When you call db.CreateTable<Employee>(), Linq To DB creates the table and applies the [Index] attribute as a YDB GLOBAL index.
using System;
using LinqToDB.Mapping;
[Table("employee")]
[Index("full_name", Name = "employee_full_name_idx")]
public class Employee
{
[PrimaryKey] public long Id { get; set; }
[Column("full_name"), NotNull] public string FullName { get; set; } = null!;
[Column, NotNull] public string Email { get; set; } = null!;
[Column("hire_date", DataType = DataType.Date), NotNull]
public DateTime HireDate { get; set; }
[Column(DataType = DataType.Decimal, Precision = 22, Scale = 9), NotNull]
public decimal Salary { get; set; }
[Column("is_active"), NotNull] public bool IsActive { get; set; }
[Column, NotNull] public string Department { get; set; } = null!;
[Column, NotNull] public int Age { get; set; }
}
Generated DDL:
CREATE TABLE employee (
Id Int64 NOT NULL,
full_name Utf8 NOT NULL,
Email Utf8 NOT NULL,
hire_date Date NOT NULL,
Salary Decimal(22,9) NOT NULL,
is_active Bool NOT NULL,
Department Utf8 NOT NULL,
Age Int32 NOT NULL,
PRIMARY KEY (Id)
);
ALTER TABLE employee
ADD INDEX employee_full_name_idx GLOBAL
ON (full_name);
Usage example
using System;
using System.Linq;
using LinqToDB;
using LinqToDB.Data;
// This example uses a direct connection string and is intended for local / test YDB instances.
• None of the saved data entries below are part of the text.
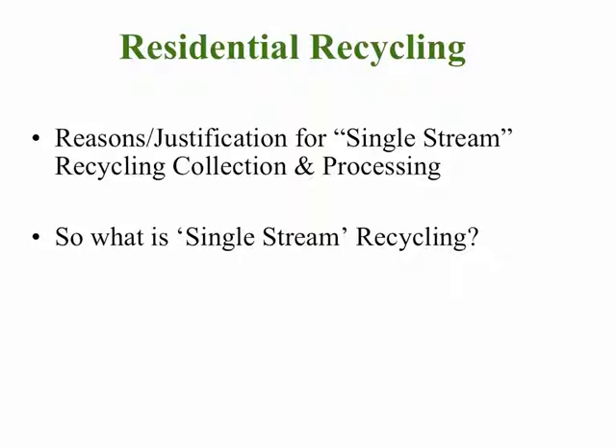This presentation focuses on residential recycling, specifically residential curbside recycling. It talks about the reasons and justification for doing residential recycling using single-stream recycling collection and processing.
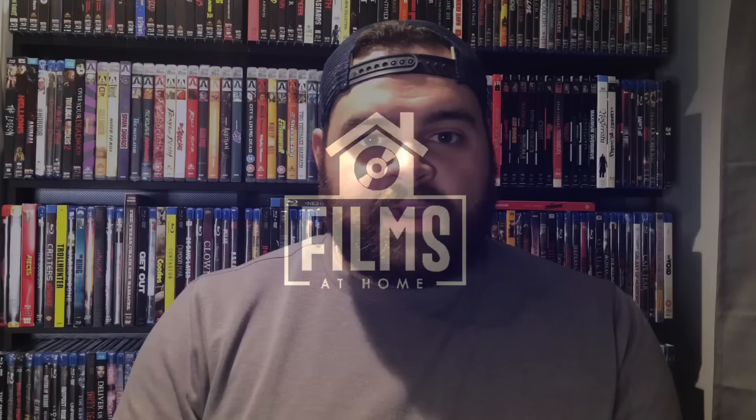Hey guys, Jeff here from Films at Home. Thanks for coming back to my channel and welcome to all the new subscribers who have joined in the last few weeks. We've been blowing up recently, so thank you so much for all the support. This video has been a highly requested one for many of the home theater enthusiasts out there.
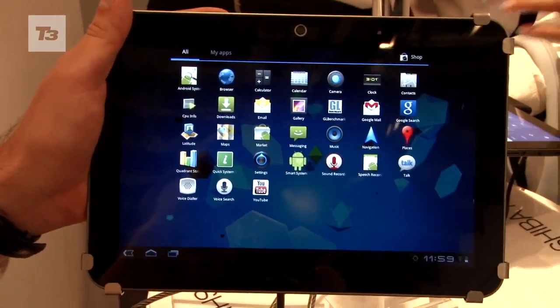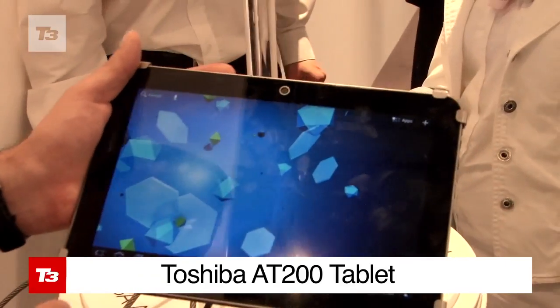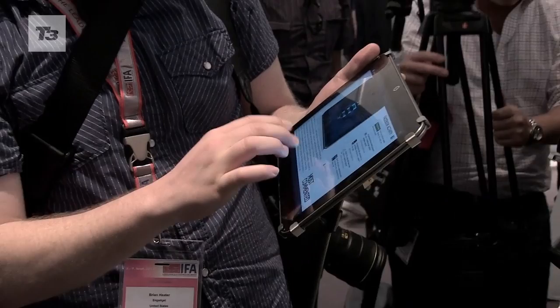This might look like the Motorola Zoom, but it is in fact the Toshiba AT200 — the company's bid to win a slice of the honeycomb tablet market. Let's see how it fares. This new size-zero slate is set to replace the Toshiba Thrive, known on these shores as the AT100.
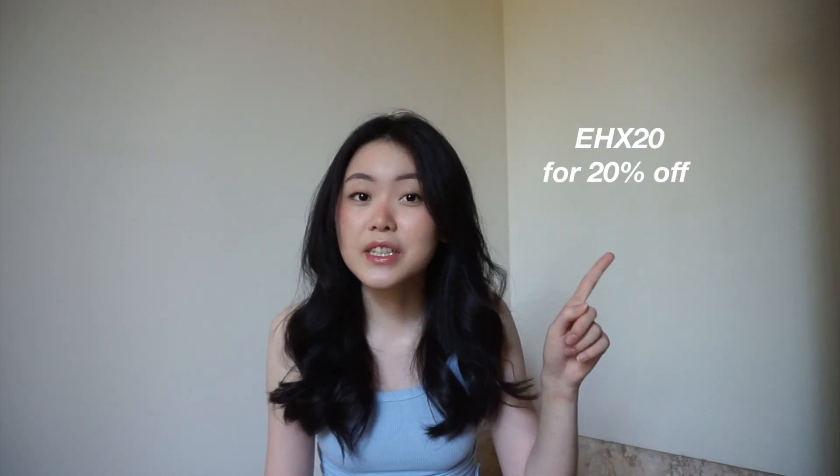Hi, so today I'm going to be doing a Princess Polly try-on haul. Thank you so much Princess Polly for sending me these clothes to try out. I also have a discount code for you guys — it is EHX20 for 20% off. I'll include the links to all the pieces I'm about to show you in the description box, including the sizes. If you want to get anything, you can use the code for 20% off.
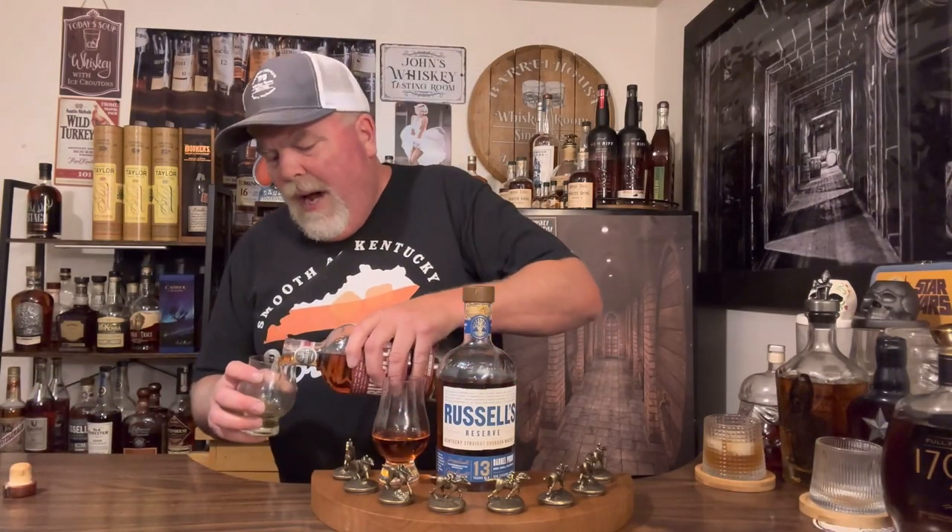If you can find this, try it. Now, Russell's 13 is very difficult to find, so the Russell's Single Barrel is much, much easier to find — it's on most shelves. The MSRP on this bottle here is about $60, so we'll show that right here.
// If you need to connect to managed YDB in Yandex Cloud , use YdbConnectionStringBuilder
// and YdbConnection instead (see the provider configuration section)
using var db = new DataConnection(
new DataOptions().UseConnectionString(
"YDB",
"Host=localhost;Port=2136;Database=/local;UseTls=false"
)
);
// INSERT
var employee = new Employee
{
Id = 1L,
FullName = "Example",
Email = "example@example.com",
HireDate = new DateTime(2023, 12, 20),
Salary = 500000.000000000m,
IsActive = true,
Department = "YDB AppTeam",
Age = 23,
};
db.Insert(employee);
// SELECT by primary key
var loaded = db.GetTable<Employee>()
.FirstOrDefault(e => e.Id == employee.Id);
// UPDATE Email/Department/Salary by primary key
db.GetTable<Employee>()
.Where(e => e.Id == employee.Id)
.Set(e => e.Email, "example+updated@example.com")
.Set(e => e.Department, "Analytics")
.Set(e => e.Salary, 550000.000000000m)
.Update();
// DELETE by primary key
db.GetTable<Employee>()
.Where(e => e.Id == employee.Id)
.Delete();
YQL samples generated by the provider for simple operations:
-
Insert a single row
INSERT INTO employee (Age,Department,Email,full_name,hire_date,is_active,Salary,Id) VALUES (?,?,?,?,?,?,?,?); -
Read by primary key
SELECT e.Id, e.full_name, e.Email, e.hire_date, e.Salary, e.is_active, e.Department, e.Age FROM employee AS e WHERE e.Id = ?; -
Update by primary key
UPDATE employee SET Email = ?, Department = ?, Salary = ? WHERE Id = ?;
Note
The provider emits parameters (?) because values and types are bound via the driver, not declared in the query text. When YQL requires typed parameters, the provider adds the necessary DECLARE statements automatically. For non-standard patterns such as upsert-style writes, use YDB's UPSERT with parameter binding—the provider generates these statements as regular YQL with parameters.